Approaching the noise, I notice a lone swan without pronounced markings around its eyes. One of the offspring had either lost its way by accident or by force. With the herd nowhere in sight, the adolescent swan swims around in circles, its repetitive squawking a sign of distress.

I stood there watching the swan, hoping that through sheer telepathy, it would swim closer to me. Narrowly dodging the path of commuters racing home on their bicycles, I kneel into a squat over the water’s edge. The swan eventually approachs me, and upon momentary eye contact, there is no energy I can transmit to relieve the panic in its eyes.
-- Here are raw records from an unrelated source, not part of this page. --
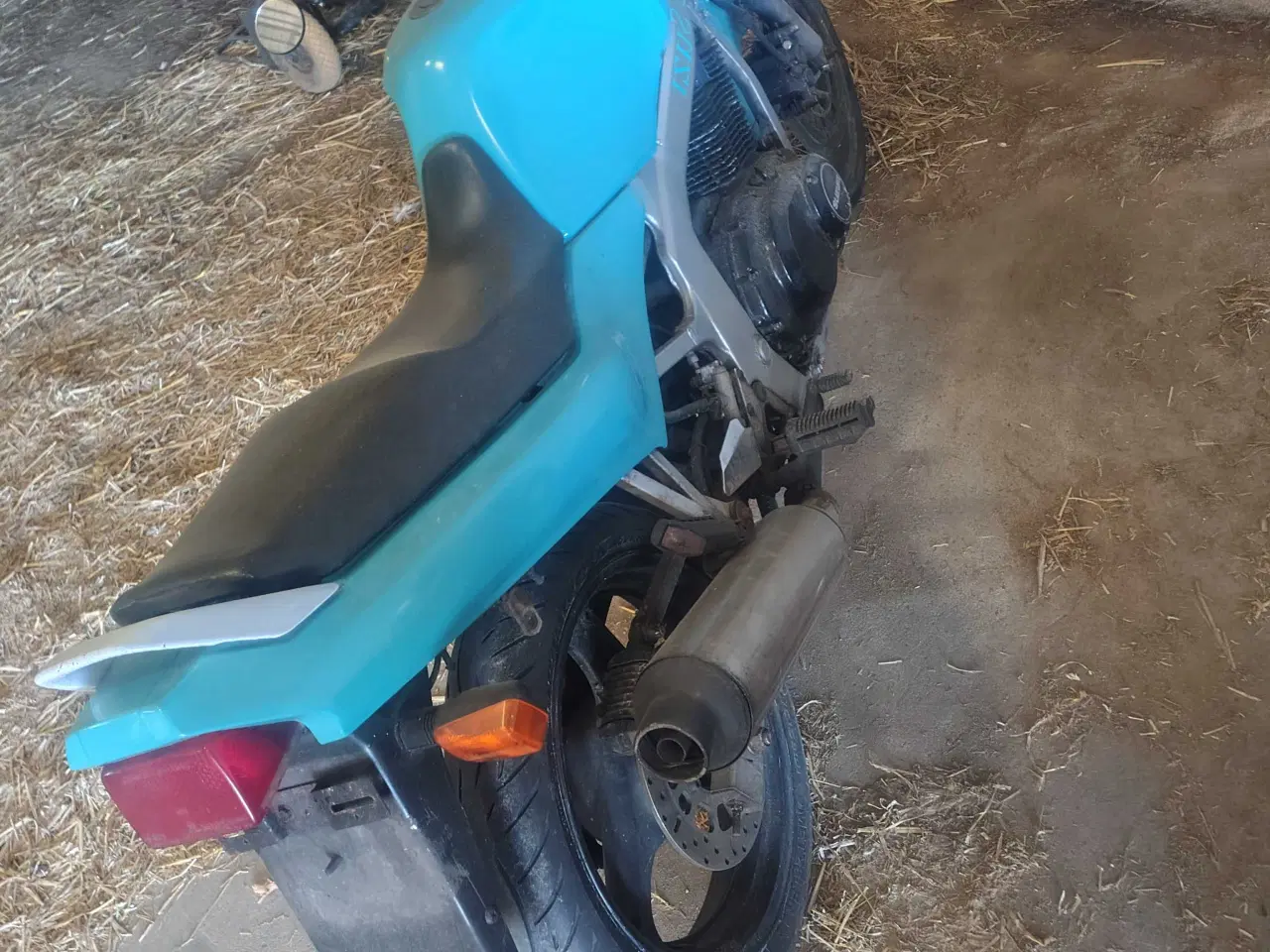 Billede 1 - Nysynet Suzuki GS 500 E fra år 1993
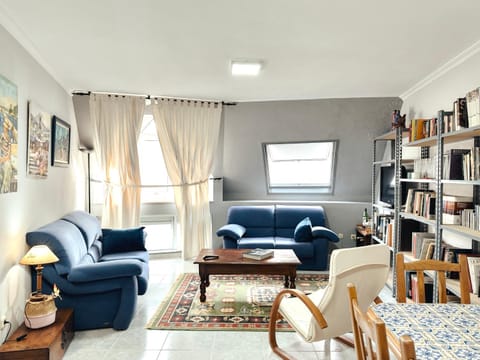 Library, Living room, Seating area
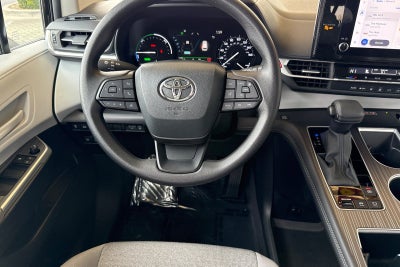 2025 Toyota Sienna LE 8 Passenger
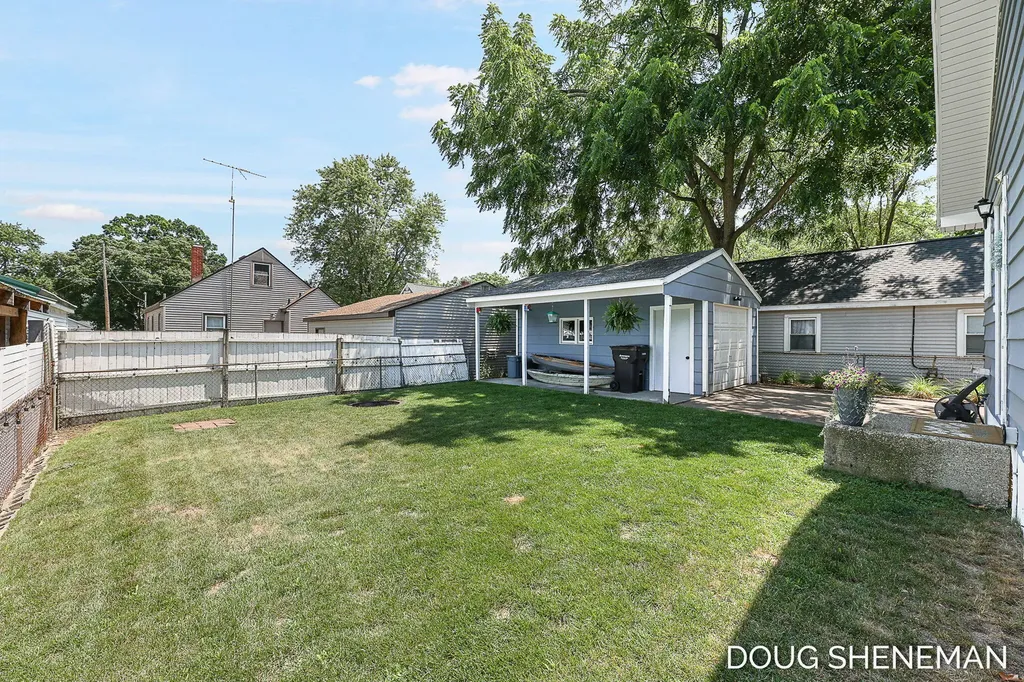 3924 Heron Avenue SW Wyoming City MI 49509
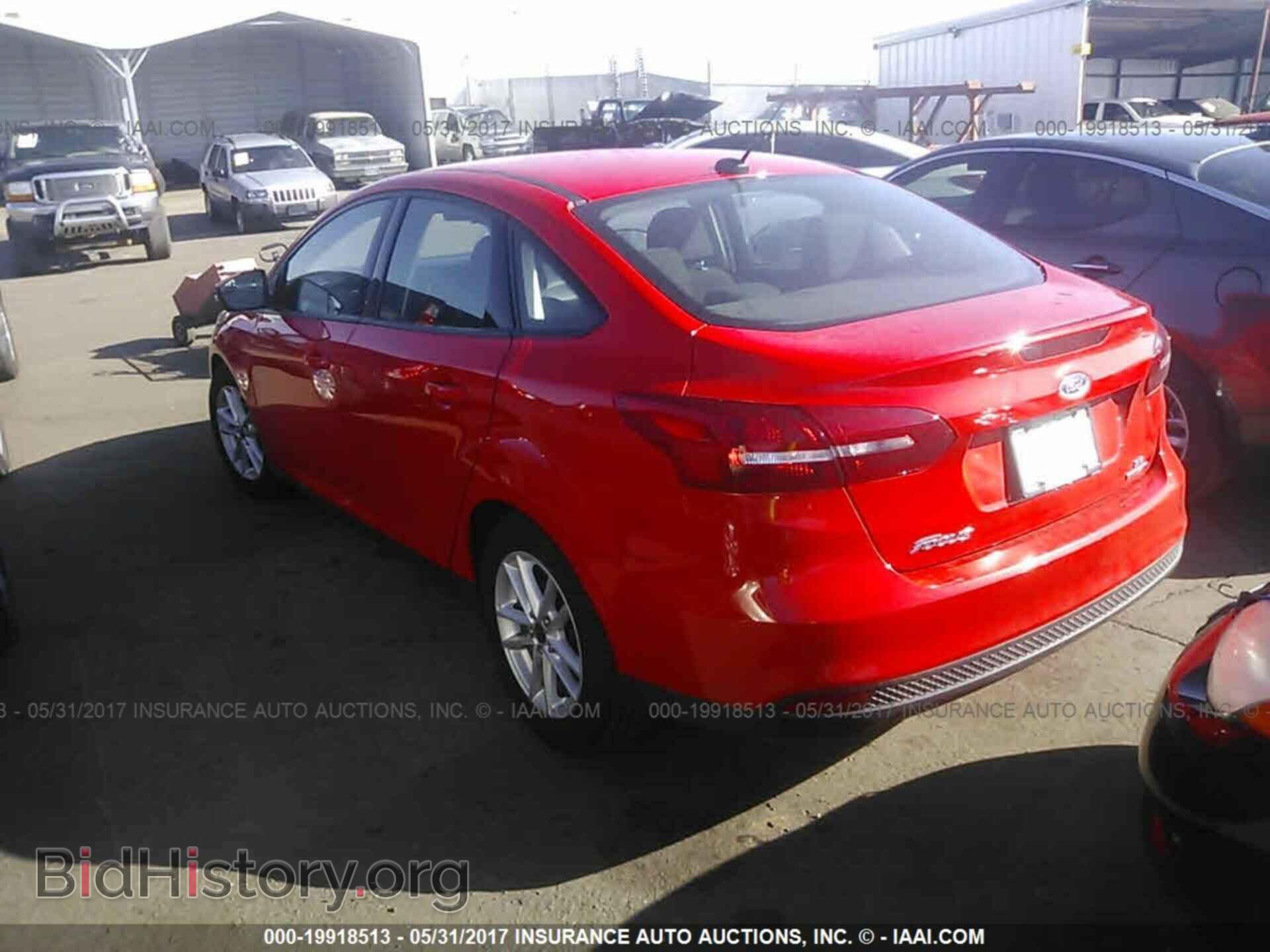 2016 Ford Focus - VIN: 1FADP3F24GL398948 - Photo 3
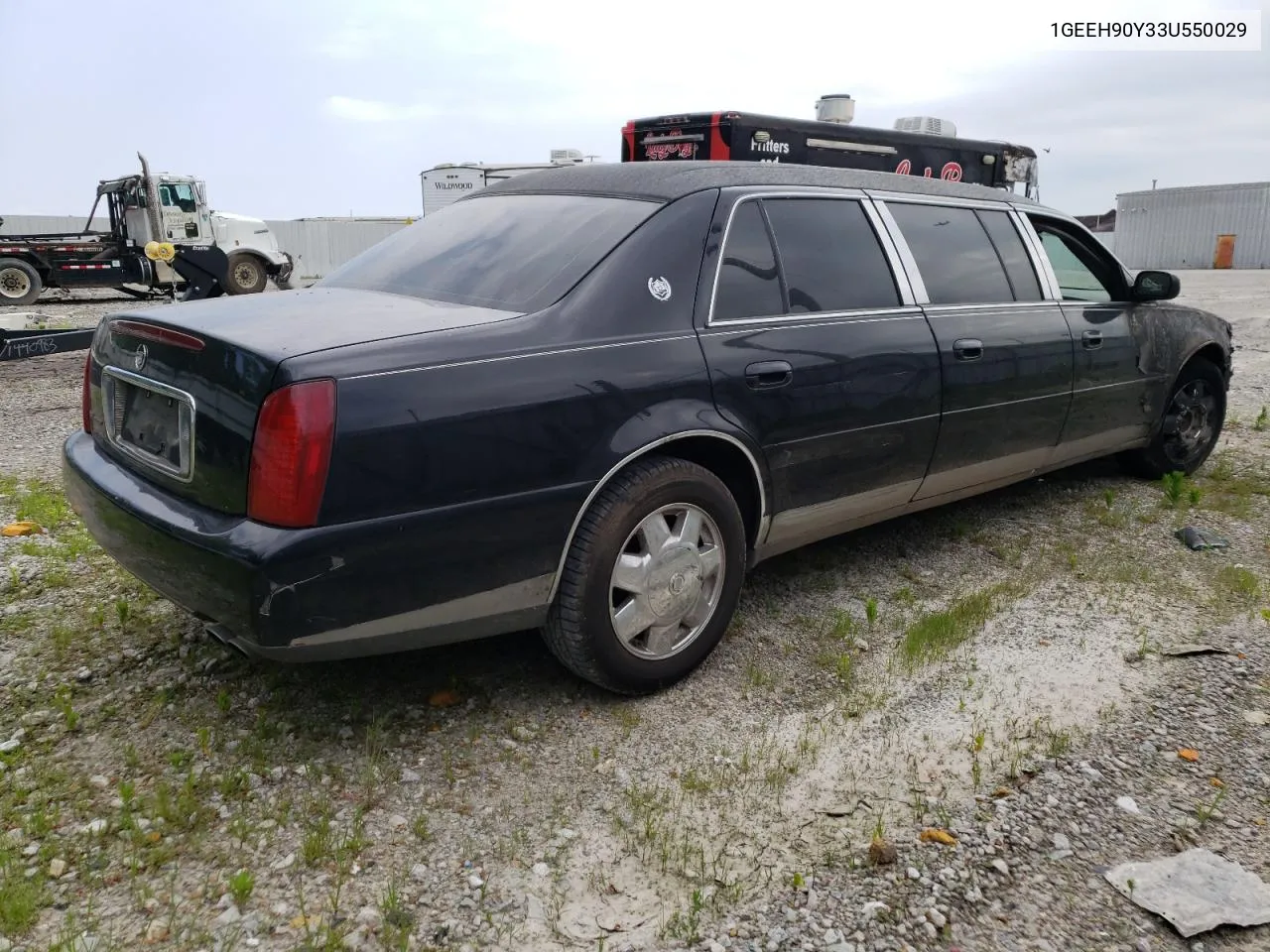 2003 Cadillac Professional Chassis VIN: 1GEEH90Y33U550029 Lot: 52968224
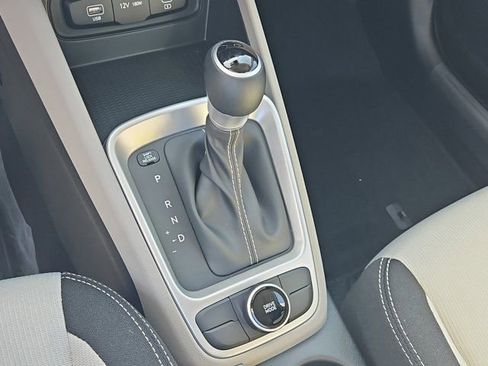 Certified 2025 Hyundai Venue SEL image 25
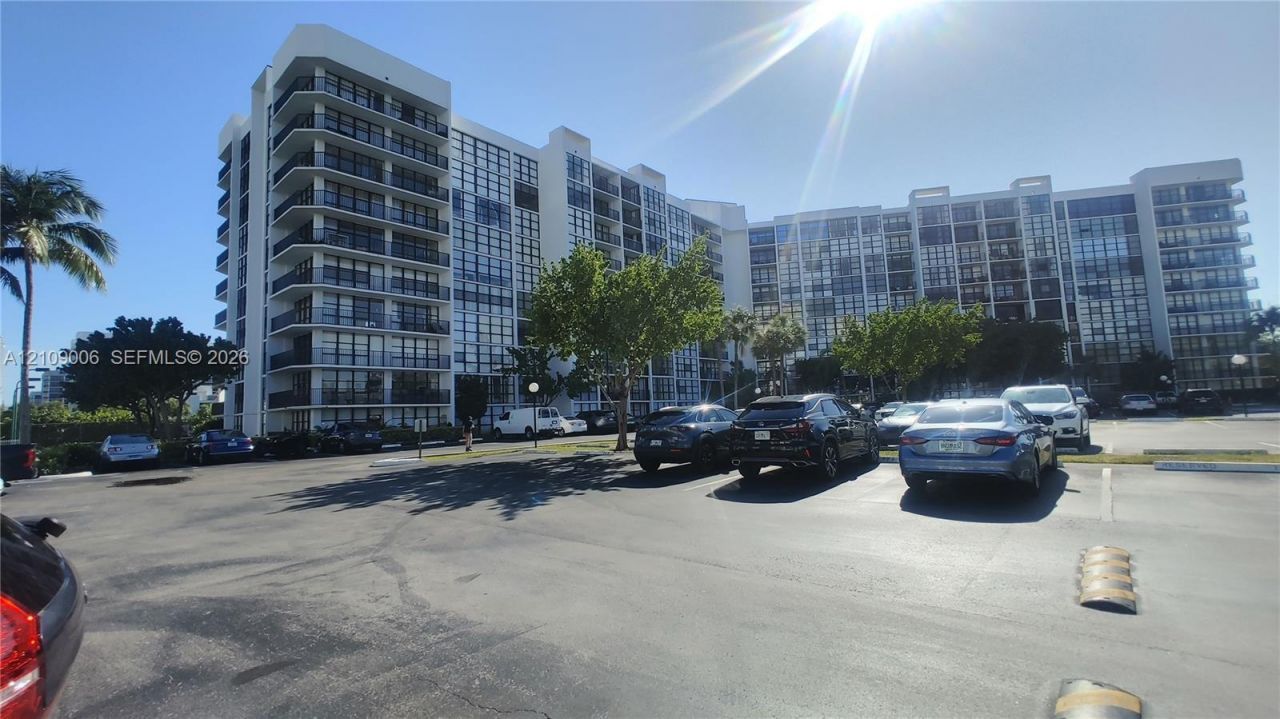 1000 Parkview Dr, Unit 406, Hallandale Beach, FL 33009 Photo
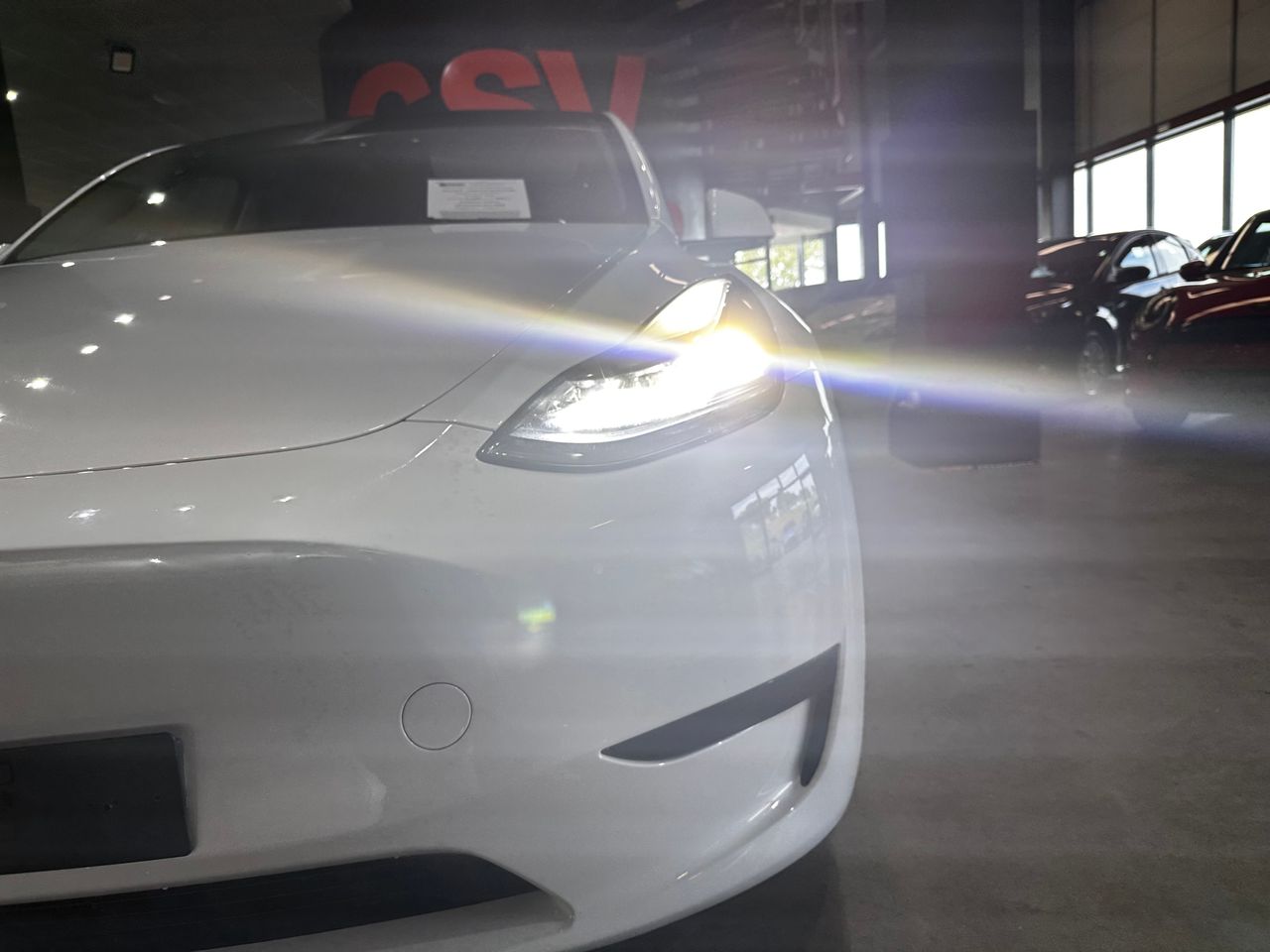 Foto Tesla Model Y 16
An older woman approaches me, also looking at the swan, “That’s one of the young ones....”

A woman across the canal yells at us, “It lost its family; we need to help it find its family!”

I say, “At a certain point in time, they must separate from their parents.” The woman was unstartled my American accent.

“That’s just nature at work,” she replies.

“Have you seen its family? We need to help it find its family!” the woman repeats across the canal.

I shrug my shoulders and walks away.

That night when I tucked myself into bed, alone, surrounded by the stoic gaze of my four studio walls, I stop pondering my own fate and I think about that swan, hoping it somehow found its way.

The following day, I step outside after another monotonous sedentary day of télétravail - I button my collar and brace myself against the autumn wind. Off ahead, I see a small conglomerate of people huddling next to the canal, a dog tugging on a leash towards something floating in the water.

I approach the scene and see a dead swan, its long neck perched elegantly on its back and its head tucked gracefully under its wing as if it went to sleep and never awoke. Just under the water’s surface, one of its perfectly formed webbed feet is splayed outward, frozen in mid-stride.

“Such a shame,” I overheard someone say in the small impromptu requiem, “I saw it yesterday, panicking under the bridge.”

Moi aussi,” I mutter under my breath to no one.

I wondered how the swan died, whether it was of exhaustion or the cold. Something about its pose evokes a kind of peaceful resignation. Yesterday it was a wild thing circling in a state of panic; today it floats and drifts effortlessly, white, pristine - not even a year old.